We arrive at yoga from the office, from home, amid errands or before afternoon appointments, and wait, facing forward in mountain pose, as the instructor C attunes us for our session in vinyasa.
"I thought I'd start this morning by talking briefly about something happening with me lately," C begins, "or, more accurately, with my hair. I've always really loved my long hair. There's something about the feeling of it brushing against my bare upper arms. It makes me feel great. I count on it as I go through my days.
"But now my hair has started to get brittle and break off. It's been devastating -- I've experienced a good deal of grief over it. My hair doesn't brush against my arms the way it used to. I've stopped feeling good about myself. So I've been thinking about that, about how one thing like that can have such a powerful effect on our self esteem. And then it occurred to me. I could turn this around. Why not get hair extensions? I made an appointment, and I'm really excited about it.
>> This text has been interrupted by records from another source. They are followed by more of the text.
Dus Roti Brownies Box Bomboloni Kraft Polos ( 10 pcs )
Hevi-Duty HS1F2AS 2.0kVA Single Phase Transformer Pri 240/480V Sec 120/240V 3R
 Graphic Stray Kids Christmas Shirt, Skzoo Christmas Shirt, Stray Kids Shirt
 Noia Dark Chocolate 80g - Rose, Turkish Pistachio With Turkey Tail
Even thinking about hair extensions has brightened my outlook." C shrugs. "I'll let you know how it goes next time. Now. Inhale deeply and raise your arms ..."
The next week, C's hair does look longer and more lush.
"So, how's it going with the hair extensions?" I ask her after class.
"Wow, you remembered that? I love them, although they're uncomfortable at night," C replies.
"What do you mean?"
"Well, I got the tape extensions. They poke into my scalp."
C bows her head toward me and pries apart the roots of her hair to show me little bits of tape affixed close to her scalp. "It's worth it, though," she adds. "I feel so much better."